- **Assignment**
Nothing but the exact text of the entries should appear in your answer; pictures stay out.

- **Dataset content**
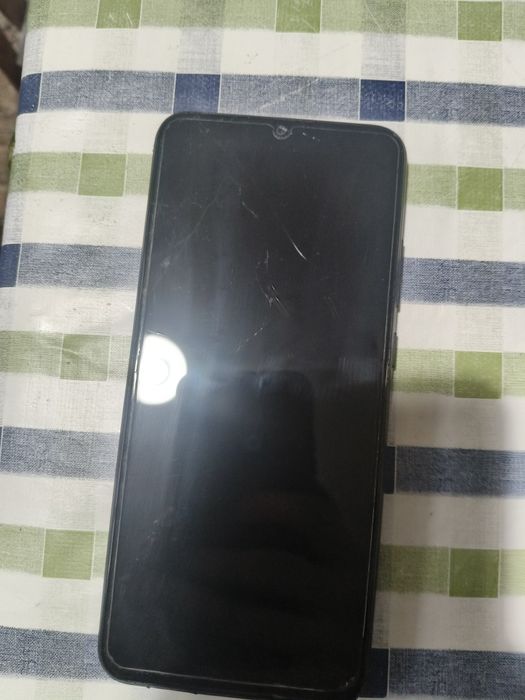 Telemóvel Samsung a30  a funcionar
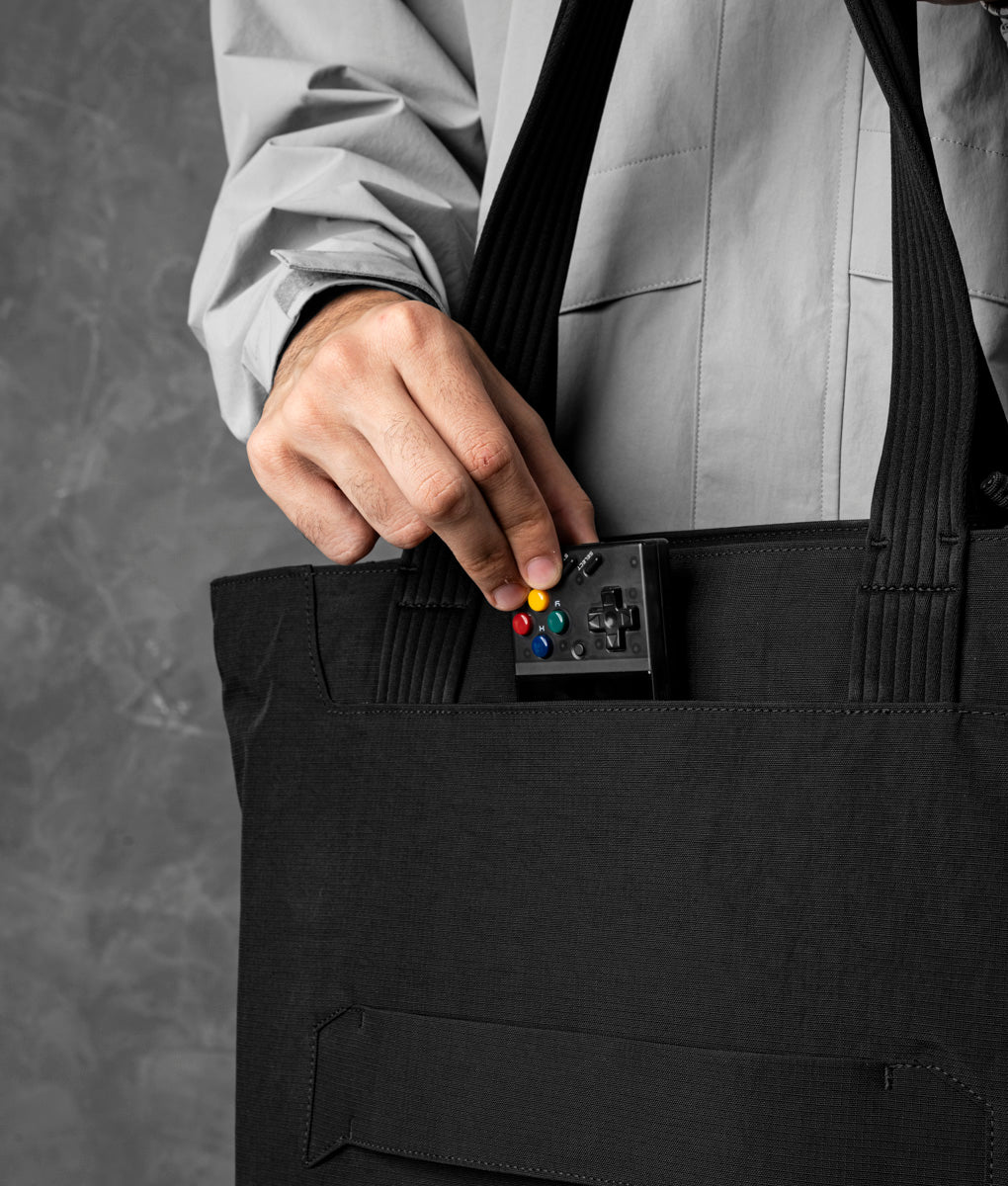 Flight Tote - Laukku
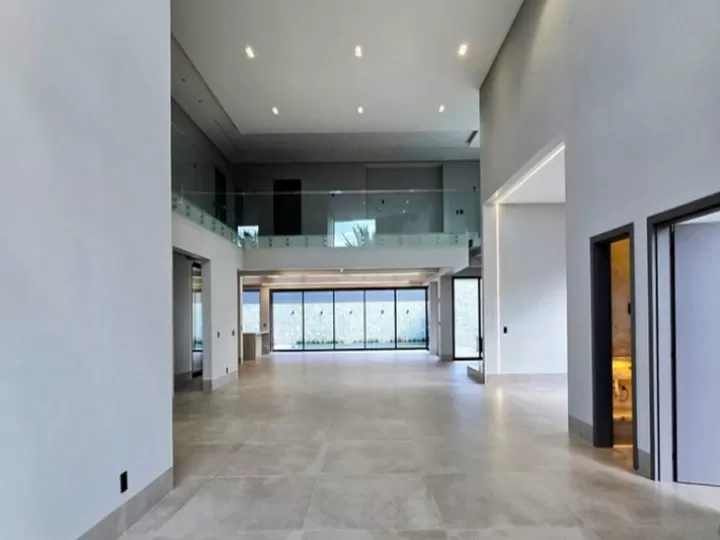 Sobrado 5 Suítes 578 m² Jardins Itália - Foto 13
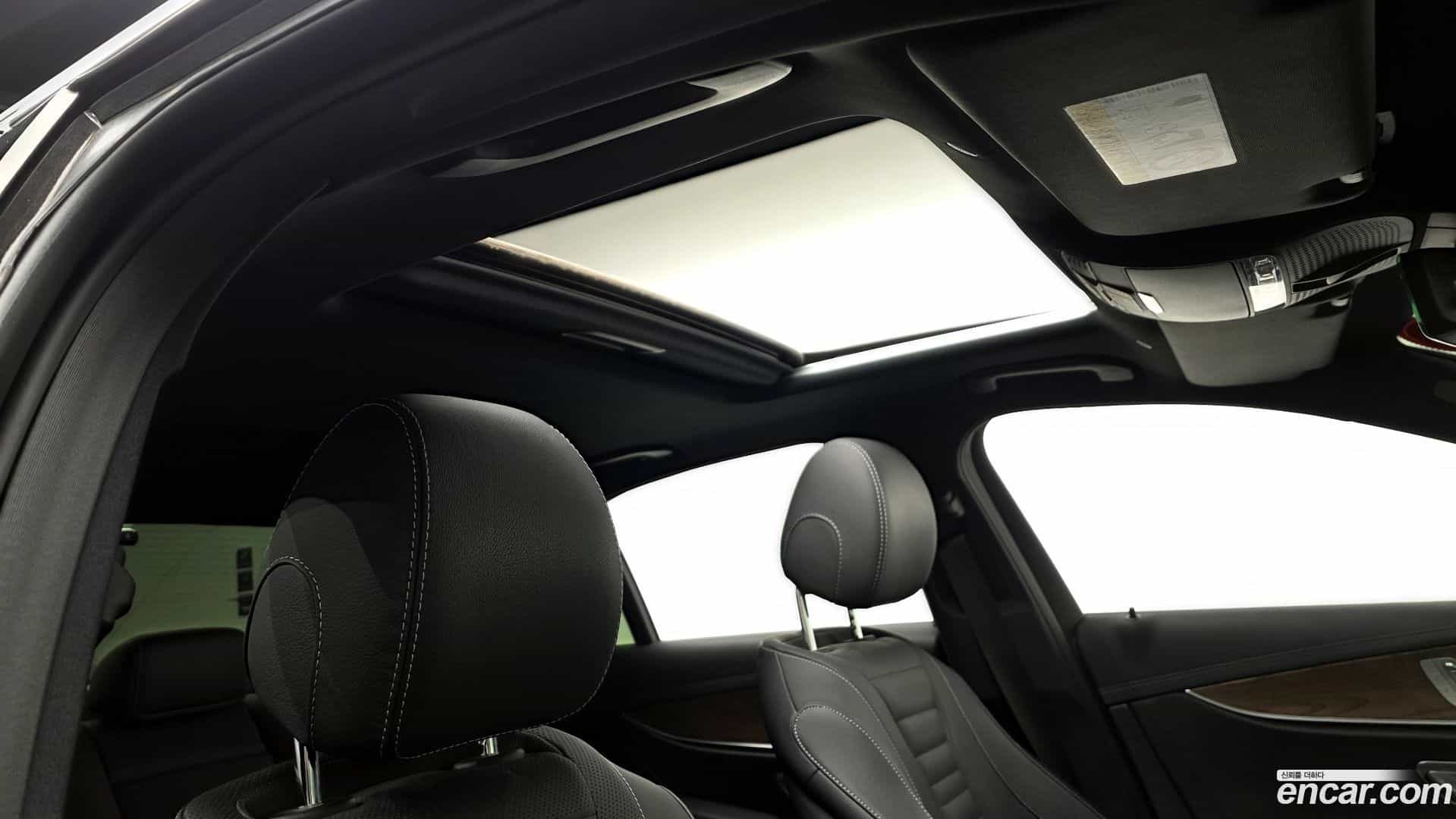 E-Class Mercedes-Benz 2022.11-OPTION-022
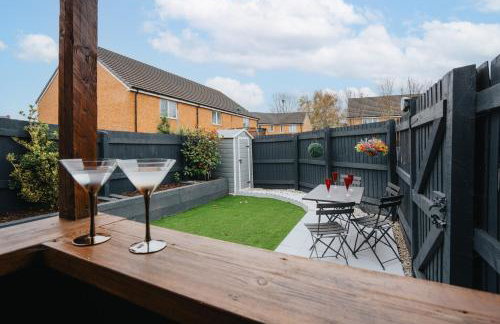 2 Bedroom Home with Garden and Free Parking - Foto 48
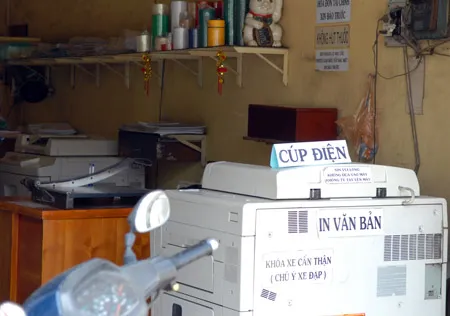 Một cửa hàng photocopy phải nghỉ do cúp điện. Hình ảnh thường xuyên ở TP hiện nay. Ảnh: CAO THĂNG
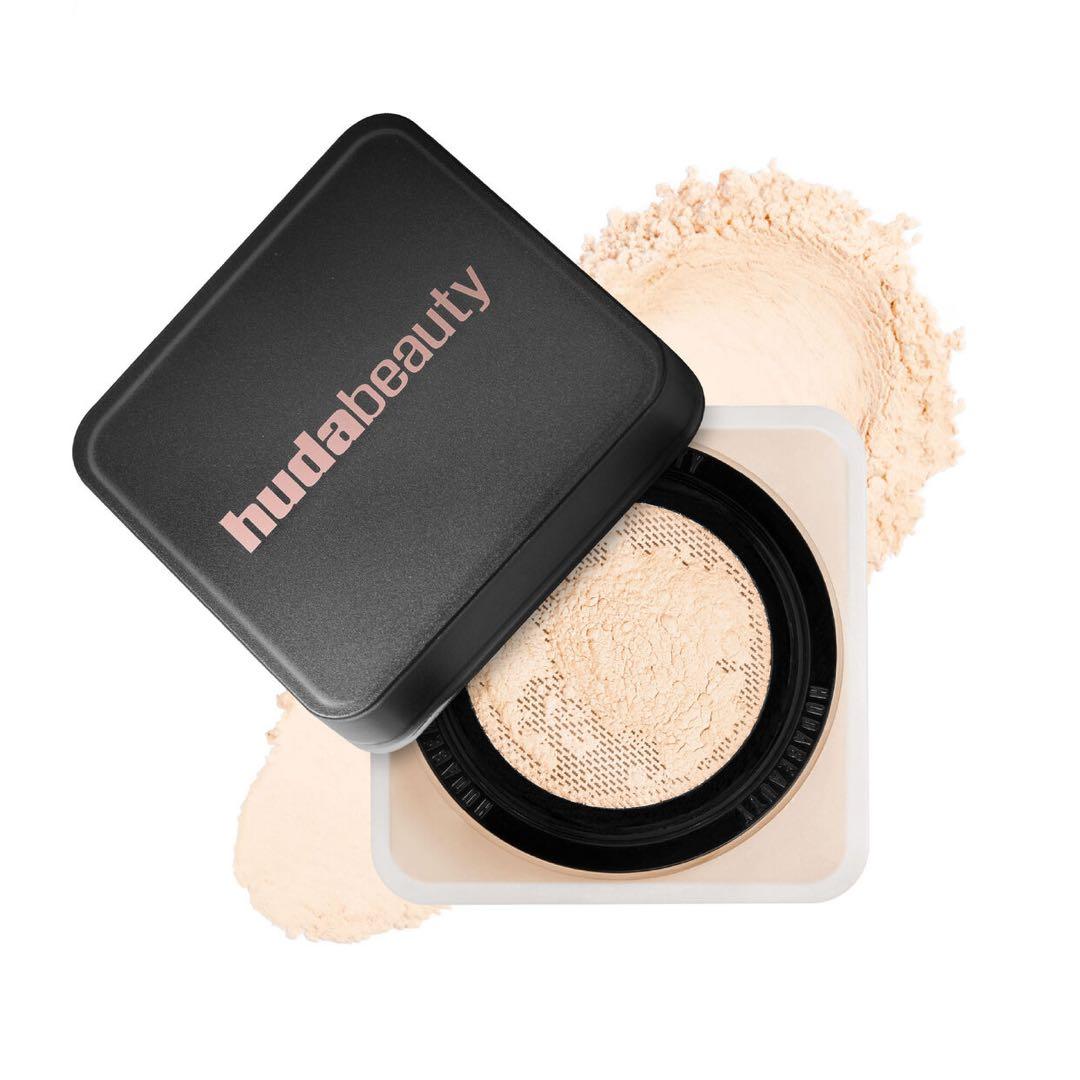 HUDA BEAUTY セッティングパウダー パウンドケーキ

- **Written solution**
 Telemóvel Samsung a30  a funcionar
 Flight Tote - Laukku
 Sobrado 5 Suítes 578 m² Jardins Itália - Foto 13
 E-Class Mercedes-Benz 2022.11-OPTION-022
 2 Bedroom Home with Garden and Free Parking - Foto 48
 Một cửa hàng photocopy phải nghỉ do cúp điện. Hình ảnh thường xuyên ở TP hiện nay. Ảnh: CAO THĂNG
 HUDA BEAUTY セッティングパウダー パウンドケーキ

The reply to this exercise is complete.